Parties must unite against vote hacking
At risk of being forgotten in the tweet storms and sworn testimony of recent weeks is the hack that started it all: Russia’s interference in the 2016 presidential election.
Former Homeland Security Secretary Jeh Johnson reminded us with his June 21 testimony before the House Intelligence Committee.
While officials have assured Americans that the Russians were not able to affect the votes on Election Day, there is evidence of breached electoral systems in 21 states. Russian President Vladimir Putin ordered the “orchestrated cyberattacks,” said Johnson, “for the purpose of influencing our election.”
Secretary of State Alison Lundergan Grimes assured Kentuckians that there is “no evidence of any cyberattack against Kentucky’s election systems.” Grimes also noted that U.S. elections are run separately by each state, so Kentuckians should be confident in their elections.
Of course, what happens in the rest of the country affects Kentuckians. And what happened elsewhere is disturbing.
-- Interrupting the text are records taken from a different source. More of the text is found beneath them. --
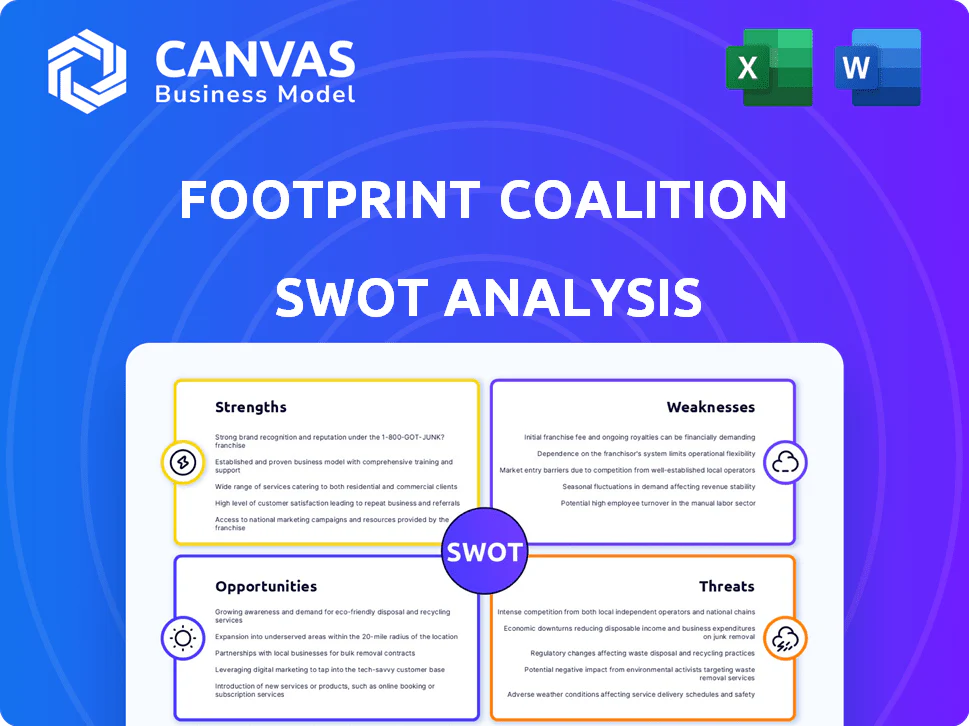 FOOTPRINT COALITION SWOT ANALYSIS TEMPLATE RESEARCH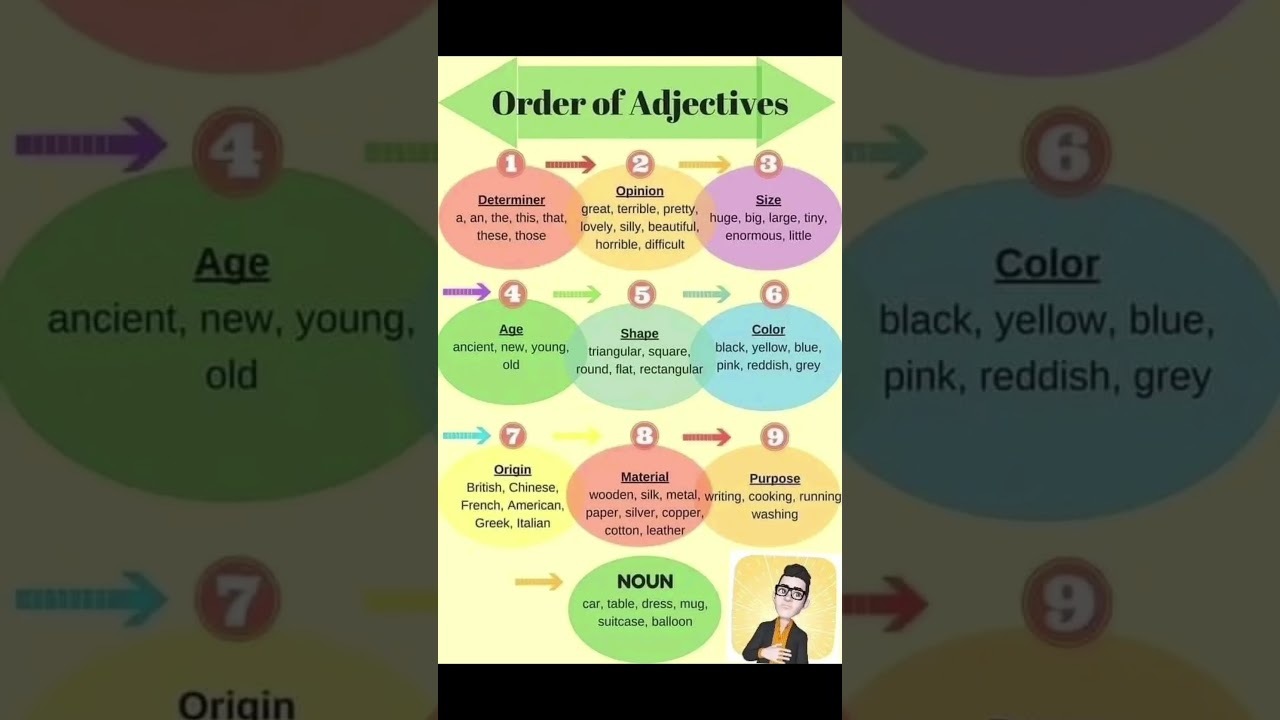 Order of Determiners 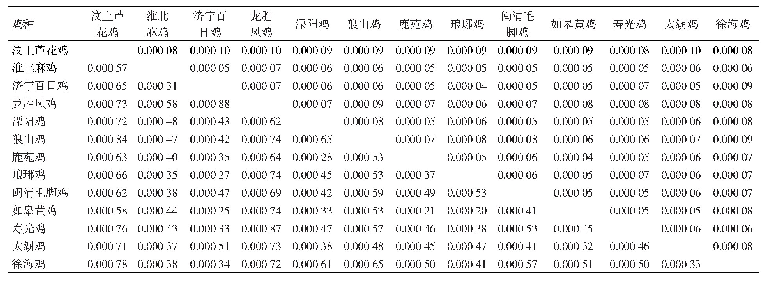 表2 地方鸡种间净遗传距离（左下角）及标准误（右上角）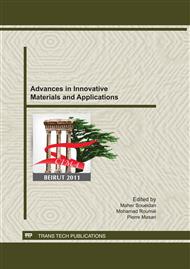 Advances in Innovative Materials and Applications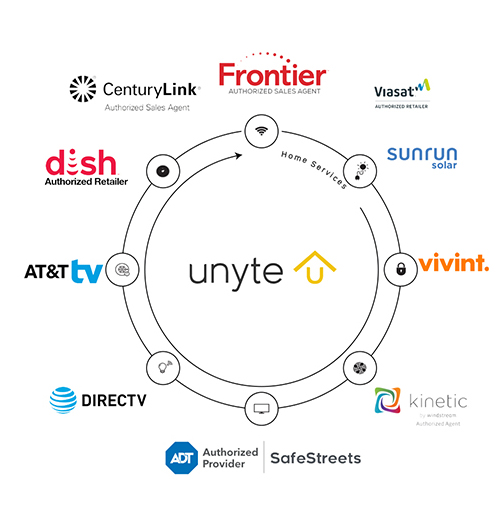 Unyte Home Services Partners Unyte Home Services Partners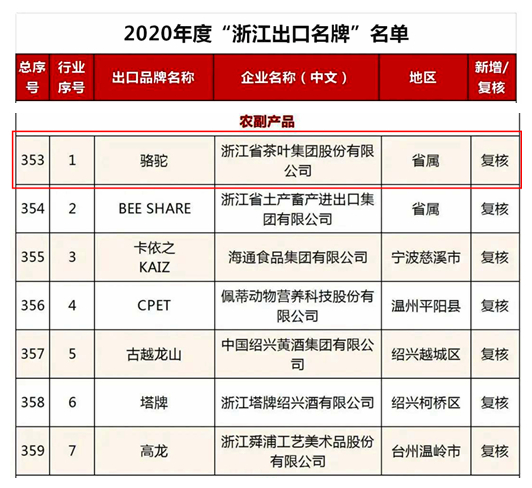 开云（中国）“骆驼”品牌荣获2020年度“浙江出口名牌”称号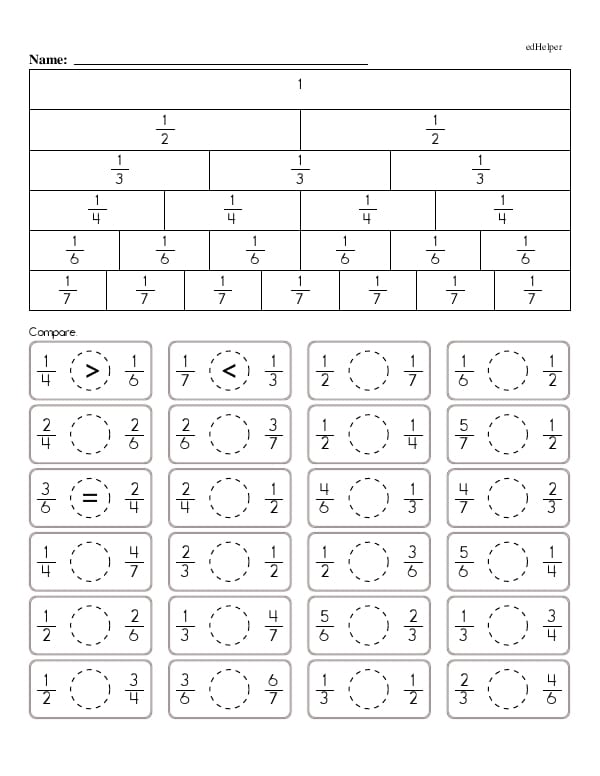 Fourth grade math worksheet for comparing fractions using common denominators to determine greater than or less than values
In the swing state of North Carolina, revelations of Russian hacking have prompted the Board of Elections to repoen an investigation of long lines in heavily Democratic Durham County that forced people to leave without voting for president. Voters said their names had disappeared from the rolls or were told they had already voted.
Officials blamed glitches in new electronic poll books. It has since been revealed that Russians hacked into the vendor that sold the digital product for managing voter data to Durham and 20 other counties in North Carolina. The hackers sent malware to 122 election officials nationwide. No matter what the investigation concludes, the Russians succeeded just by sowing doubt.
In Texas, in Democratic Dallas County, Russian hackers tried and failed to access voter rolls. A local official said if the hackers had succeeded in manipulating or deleting the data base, there could have been chaos on Election Day.
We can’t brush off this threat to orderly elections or respond with yet another partisan fight. This is an American fight.
(Those tempted to think in partisan terms should remember that hackers could mess with Republican strongholds in the future.)
Officials say Russia won’t let up on hacking our elections and the results could be far worse than leaked emails or last year’s breaches. Rep. Tom Rooney, R-Fla., a member of the House Intelligence Committee, rightfully said that if interference like this persists “then we really do cease being the country that we are.”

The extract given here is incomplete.